**REQUIRED WORK:** Transcribe each entry exactly as it appears, leaving out any picture it holds.

**GIVEN RECORDS:**
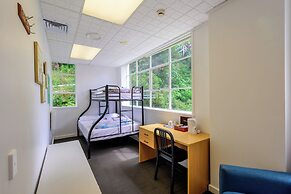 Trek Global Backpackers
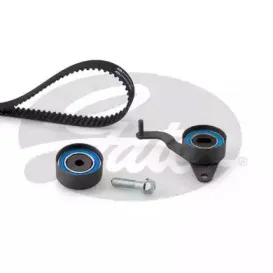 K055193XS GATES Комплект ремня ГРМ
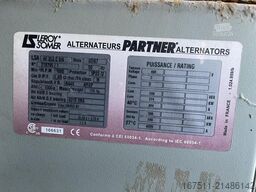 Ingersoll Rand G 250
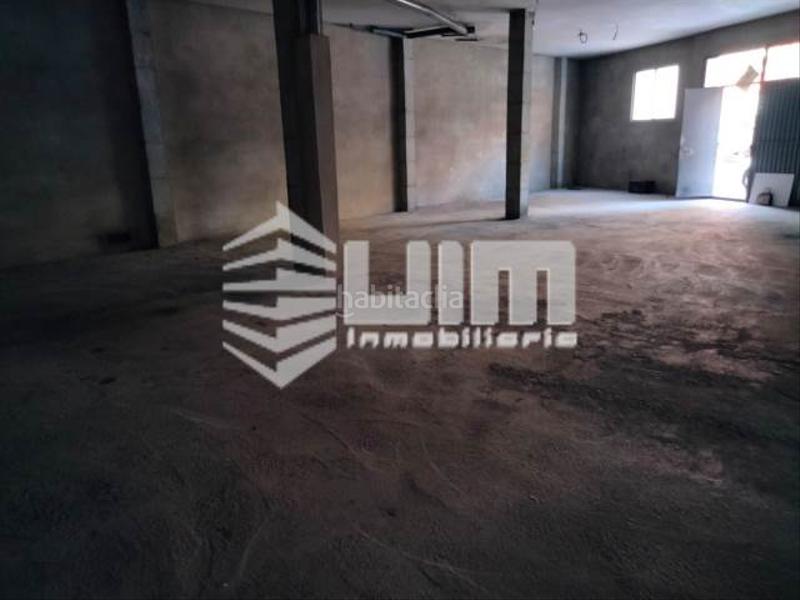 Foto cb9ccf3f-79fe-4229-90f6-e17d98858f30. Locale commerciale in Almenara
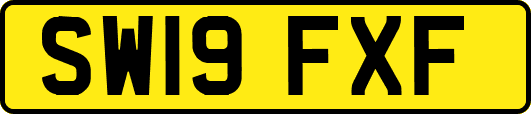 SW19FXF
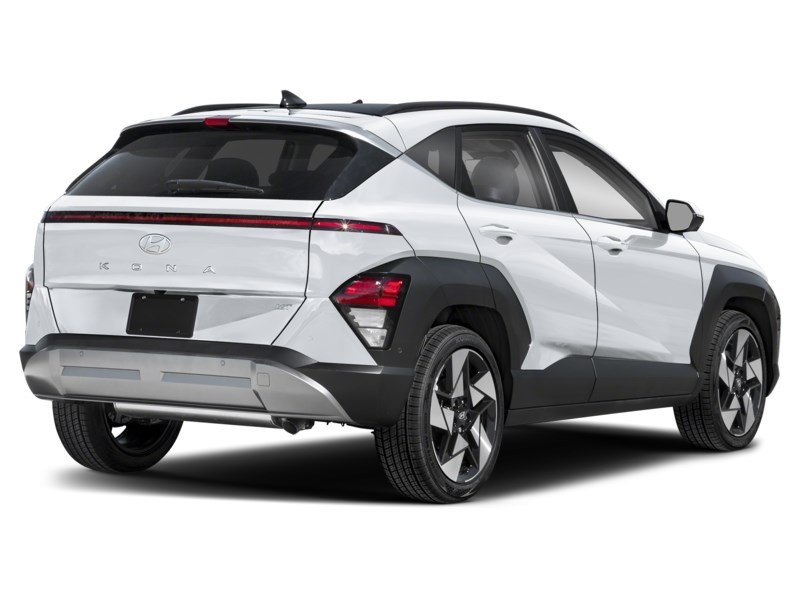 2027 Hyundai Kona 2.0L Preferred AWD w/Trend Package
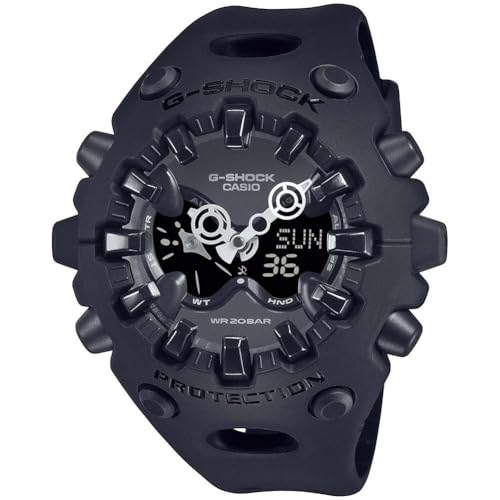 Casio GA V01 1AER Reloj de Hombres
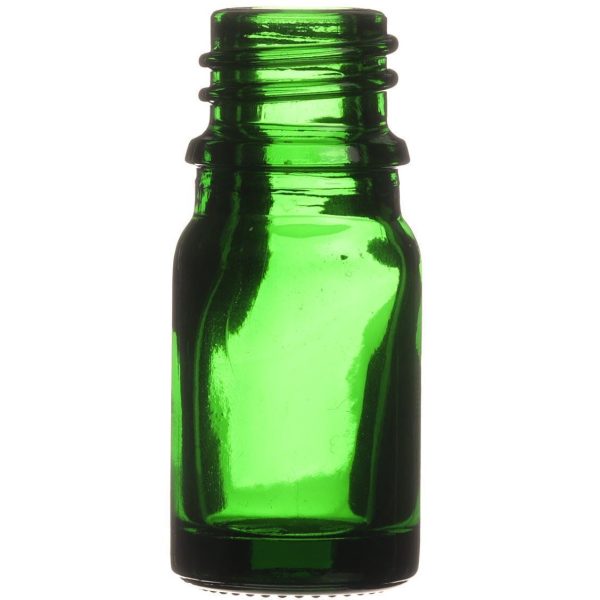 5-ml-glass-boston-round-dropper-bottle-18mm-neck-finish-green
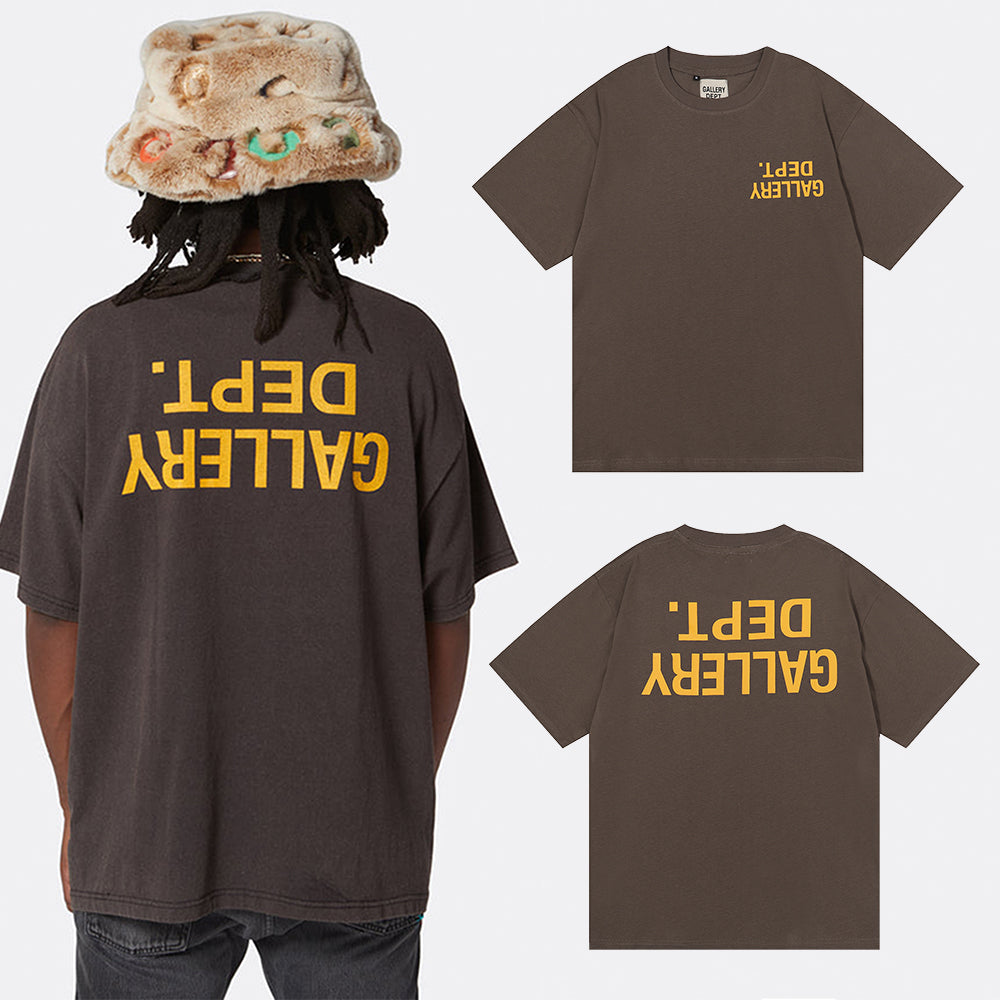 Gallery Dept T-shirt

**PROBLEM SOLUTION:**
 Trek Global Backpackers
 K055193XS GATES Комплект ремня ГРМ
 Ingersoll Rand G 250
 Foto cb9ccf3f-79fe-4229-90f6-e17d98858f30. Locale commerciale in Almenara
 SW19FXF
 2027 Hyundai Kona 2.0L Preferred AWD w/Trend Package
 Casio GA V01 1AER Reloj de Hombres
 5-ml-glass-boston-round-dropper-bottle-18mm-neck-finish-green
 Gallery Dept T-shirt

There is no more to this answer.